It took a lot of effort to find the problem. As it turns out, the problem stumped our local FAE as well, and he's a pretty sharp guy. Since the boards were flakey, almost any experiment we performed was later invalidated by conflicting results from another experiment. However... 1) I turned on the 'debug' flag in bitgen so that the data output pin would wiggle during configuration. From this it was clear that the download would fail at random points in the download process.

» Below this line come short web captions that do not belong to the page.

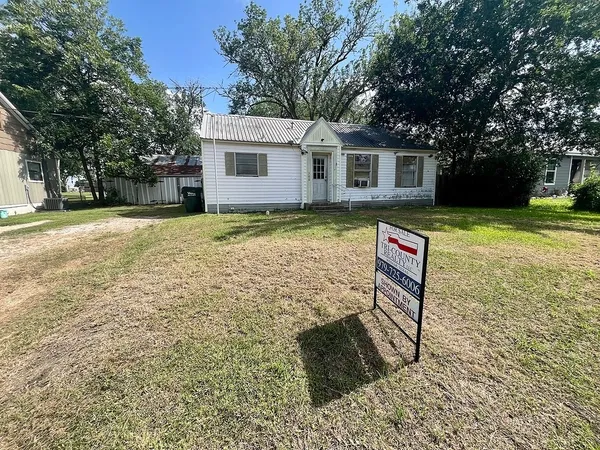 $69,500 | 308 East South Street, Weimar, TX 78962
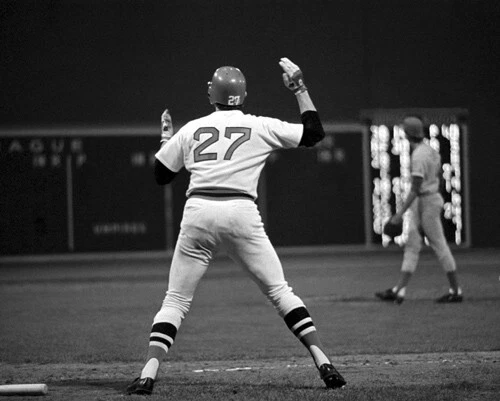 Boston Red Sox Carlton Fisk Photo 4 1975 World Series Photo - Image 1 of 1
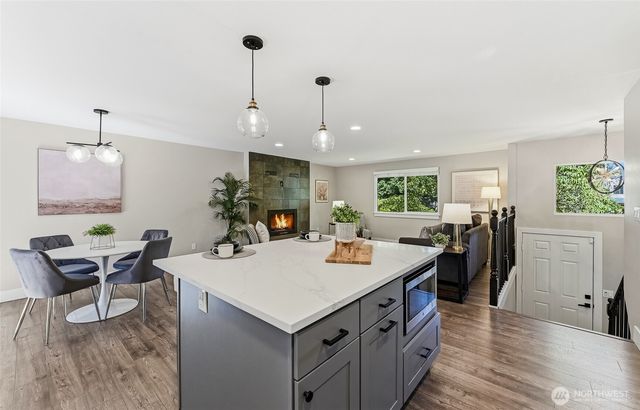 24014 57th Avenue SE, Woodinville, WA 98072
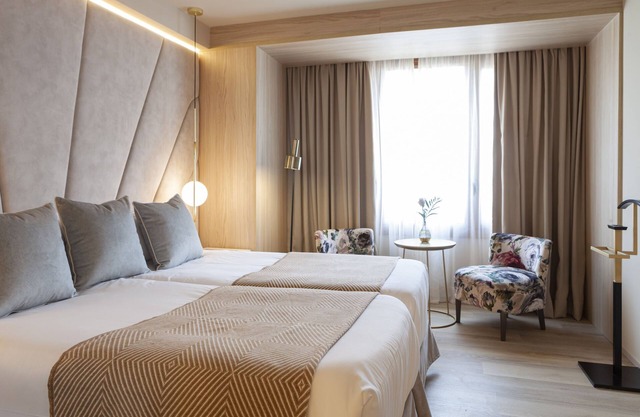 Visit Historic Sites of Palma! Picturesque Views and Pet-friendly Accommodation!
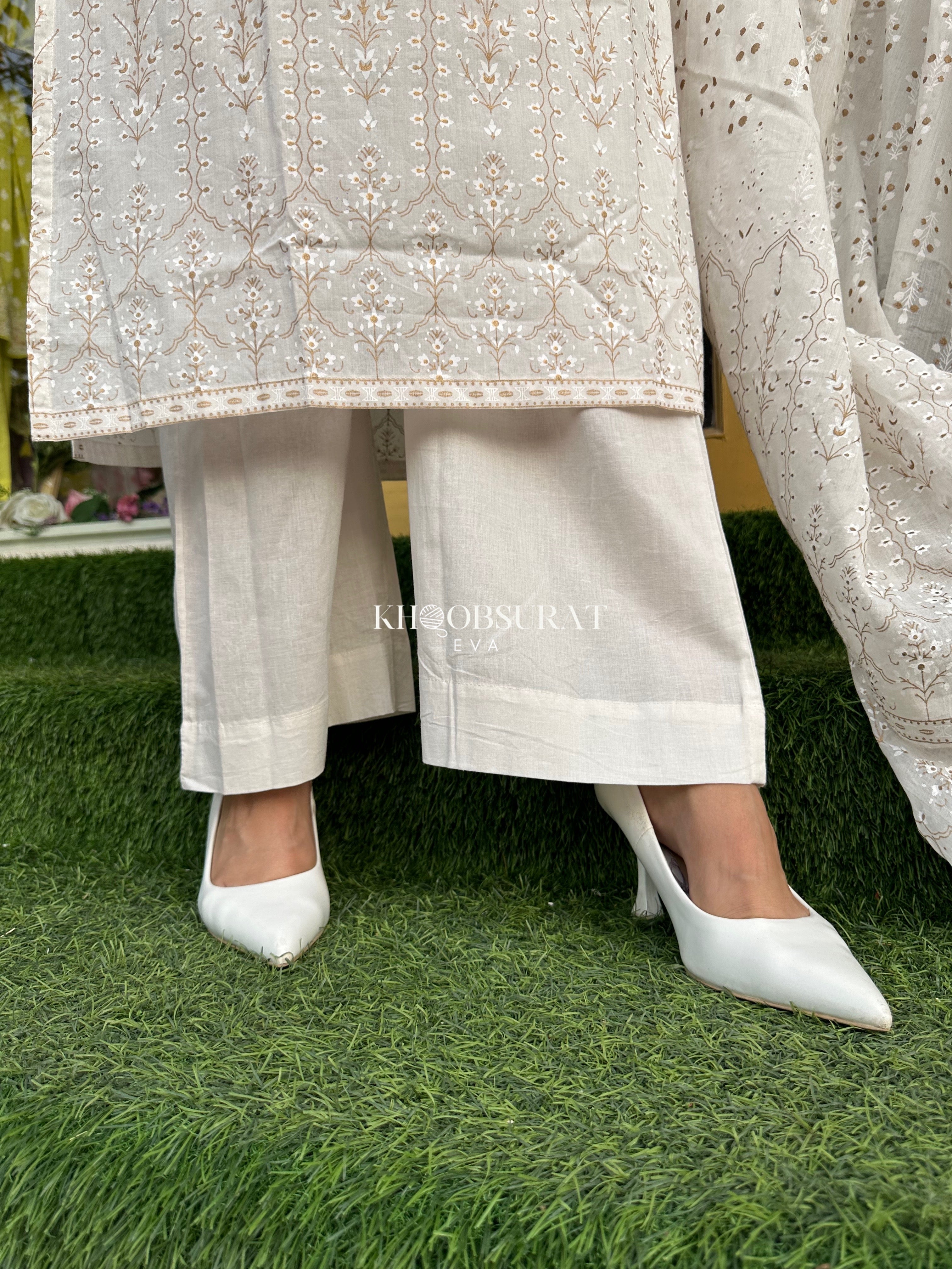 ANVI White Embroidered Kurta Suit Set for Women - Traditional Indian Ethnic Wear for Festivals, Weddings & Special Occasions
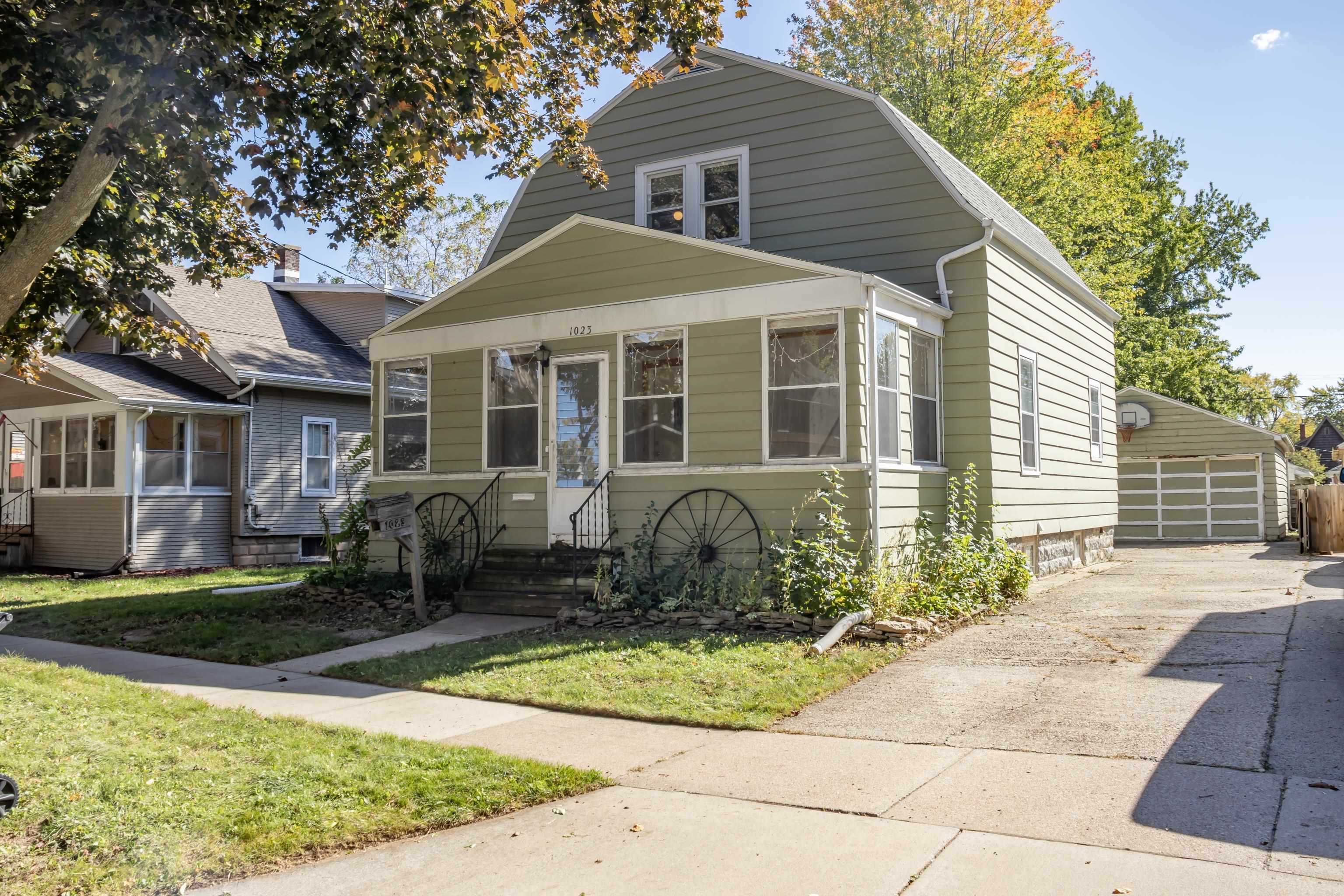 1023 W Commercial Street Property Photo 1
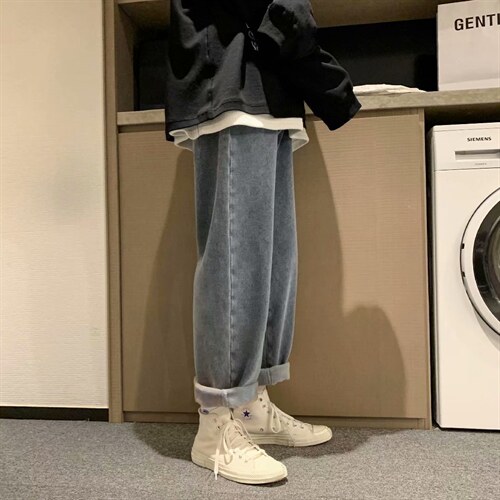 浅蓝色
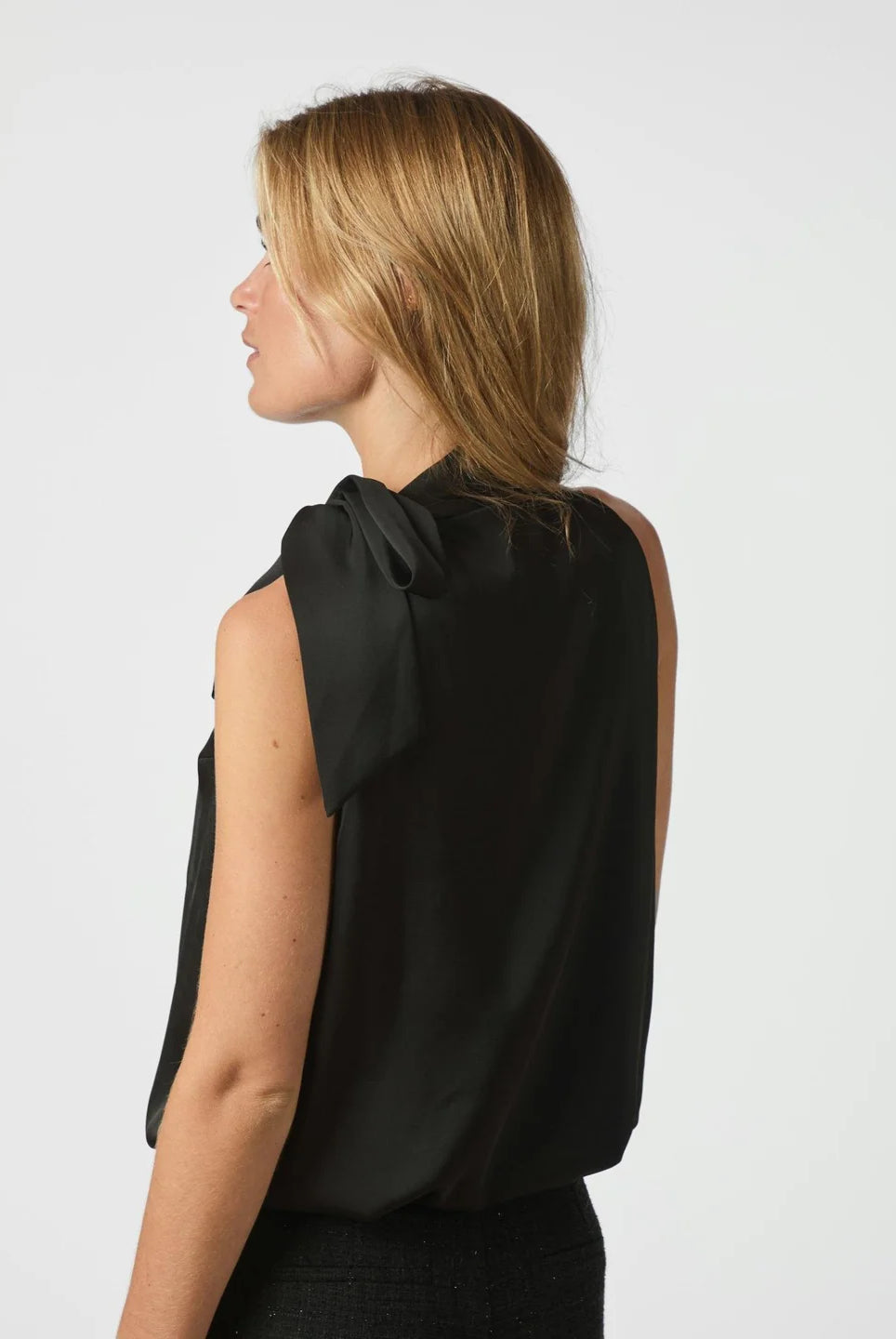 Veda Drapy Satin Top - Bluser - Helt Dilla AS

2) I looked at signal quality of the clock and data input pin to the target FPGA. As part of this, I re-clocked the data being sent to the target back into my master so I could verify that the proper data was being sent. Here was one of the areas that snookered me. As part of these experiments, I played around with slew rates on the pins being driven by the master FPGA, sometimes things would get better, sometimes they'd get worse. This led us down a signal integrity rat-hole. 3) I finally decided to re-verify suppy voltages at a couple of spots. Luckily, I found unexpected voltages on a couple of bypass caps pretty quickly. I then checked other boards and found different voltage problems on other pins. This was the 'aha' moment.

During the process, I was trying to focus on: a) bitstream correctness b) signal integrity c) supply voltage integrity.

Little did I suspect that the problem was random connectivity between the supplies and the FPGA pins.

In all my years of design, I've never seen board problems like this. Odds are most designers will never see boards that deteriorate over time like this.